Il programma di ogni papa è dato dal Vangelo e dalla sua interpretazione così come si è configurata nella tradizione. L’ecumenismo di Jorge Mario Bergoglio si riallaccia all’incontro di Giovanni XXIII con Jules Isaac del 13 giugno 1960, che gli parlò della teologia del disprezzo e dell’antisemitismo. Giovanni XXIII conosceva la sofferenza degli ebrei da delegato apostolico a Istanbul, dove si era adoperato per la loro salvezza. Francesco riprende questa idea dell’incontro fraterno, che crea relazioni e aiuta a superare antichi steccati. Ne sono dimostrazione la visita a sorpresa alla Chiesa Evangelica della Riconciliazione a Caserta, o quella ai Valdesi, alla comunità Luterana a Roma, e gli incontri con patriarchi delle Chiese ortodosse o Antiche Chiese Orientali. È l’ecumenismo dell’incontro più che dei documenti: aiuta ad avvicinare spiritualmente guarendo antiche ferite e pregiudizi. Francesco, poi, desidera una Chiesa povera per i poveri. L’amore per gli “invisibili” e la loro inclusione nella comunità, nel rispetto delle differenze, si pone come una dimensione costitutiva dell’essere cristiano. Francesco porta a compimento un aspetto del vivere della Chiesa che diventa fondamentale per il suo stesso esistere e configurarsi come porta aperta a tutti, e particolarmente agli esclusi. La Chiesa nello smarrimento del mondo moderno, ha certezze da dare e splende come un faro nella notte, trasformandosi in fiaccola che va a portare luce nelle periferie geografiche ed esistenziali. La personalità dei papi, come di tutti, è complessa e non è mai di un colore solo. Benedetto XVI aveva portato alla Chiesa e al mondo la sua profonda preparazione teologica e di pensatore, cercando di condurre all’essenziale il messaggio evangelico, che talvolta sembra dissolversi nella cultura moderna.

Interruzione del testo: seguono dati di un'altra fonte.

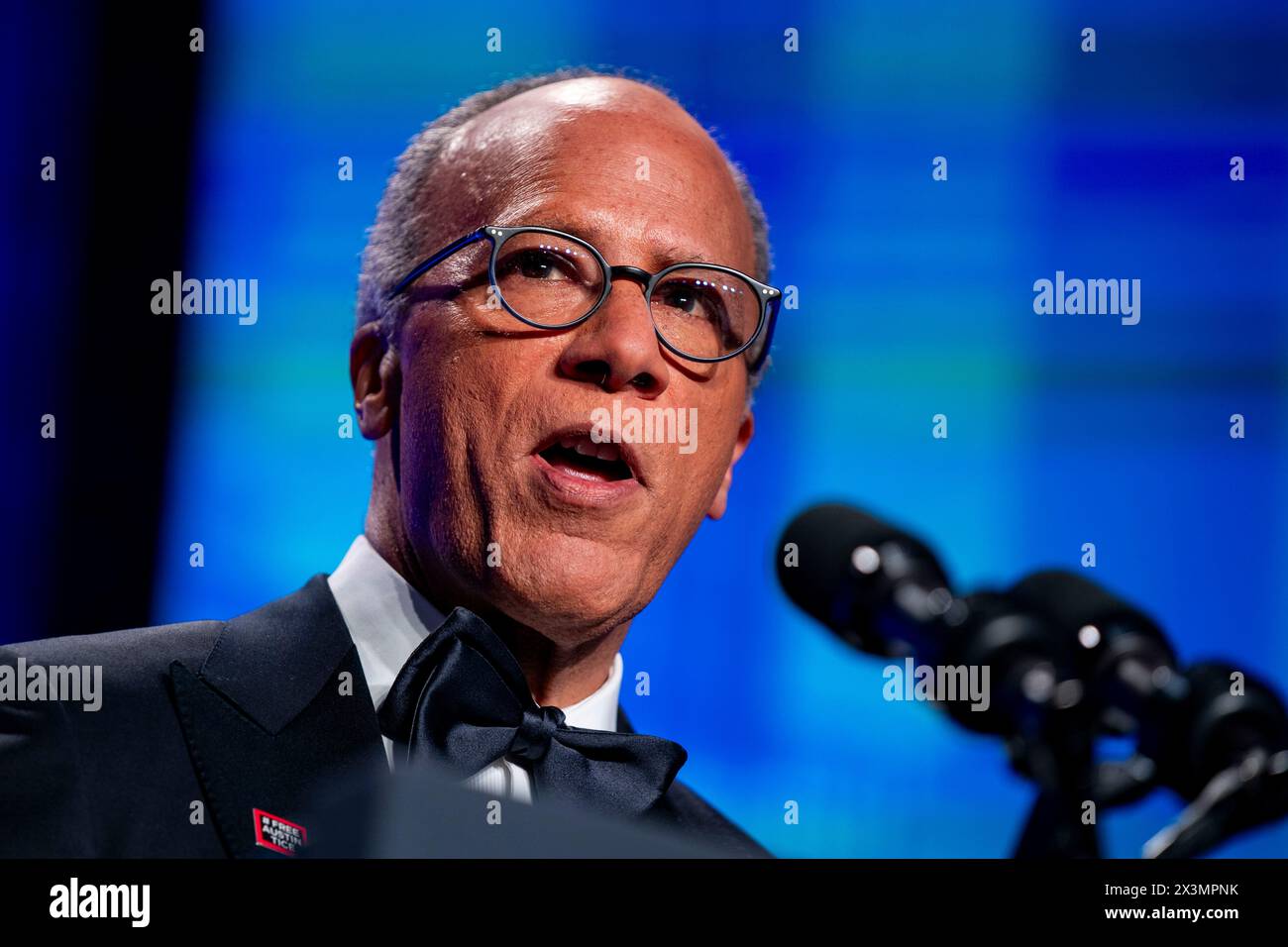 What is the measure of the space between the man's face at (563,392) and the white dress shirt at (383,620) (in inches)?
2.3

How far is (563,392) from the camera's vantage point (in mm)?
1696

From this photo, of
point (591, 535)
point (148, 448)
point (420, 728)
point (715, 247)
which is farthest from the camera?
point (148, 448)

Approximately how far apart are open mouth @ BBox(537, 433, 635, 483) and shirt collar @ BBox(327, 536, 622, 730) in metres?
0.28

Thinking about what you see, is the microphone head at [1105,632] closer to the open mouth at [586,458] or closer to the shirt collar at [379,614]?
the open mouth at [586,458]

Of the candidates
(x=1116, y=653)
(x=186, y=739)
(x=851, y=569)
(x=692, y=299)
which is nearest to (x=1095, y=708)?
(x=1116, y=653)

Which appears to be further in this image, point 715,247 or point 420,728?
point 715,247

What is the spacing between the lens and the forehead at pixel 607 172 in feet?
5.82

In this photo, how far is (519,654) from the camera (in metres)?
1.83

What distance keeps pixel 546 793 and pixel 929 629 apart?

Nella quarta enciclica di Francesco emerge, invece, tutta la pastoralità della sua azione nello sforzo del dialogo con il mondo moderno e anche con i lontani, che alle volte sembrano apprezzarlo più di alcuni più vicini o vicinissimi, che manifestano le stesse paure degli avversari di Gesù che frequentava pubblicani e stranieri e accettava gesti di venerazione da prostitute. Quella di Francesco si conferma una Chiesa che si preoccupa più degli altri che di se stessa. In dialogo prima di tutto con i fratelli separati. Più che una novità è la continuazione, con la stessa tenacia, di tutto il movimento ecumenico iniziato sessant’anni fa. Ne è segno tangibile il cambio di atteggiamento e di linguaggio verso gli ebrei, verso le Chiese non cattoliche e anche verso i musulmani e i fedeli di altre religioni, riconoscendo “semi del Verbo”, cioè elementi di verità e di bontà, anche nella loro fede. Spiega Francesco in questa enciclica di pace scritta in tempo di guerra: “Basta guardare e ascoltare le donne anziane che sono prigioniere di questi conflitti devastanti. È straziante vederle piangere i nipoti uccisi”. Quindi scaricare la colpa sugli altri non risolve un dramma vergognoso ed è testimonianza di un mondo senza cuore”. Oggi tutto si compra e si paga e sembra che il senso stesso della dignità dipenda da cose che si ottengono con il potere del denaro. “Solo Cristo può liberarci da questa febbre in cui non c’è più spazio per un amore gratuito”, assicura il Papa, pacificatore dei cuori.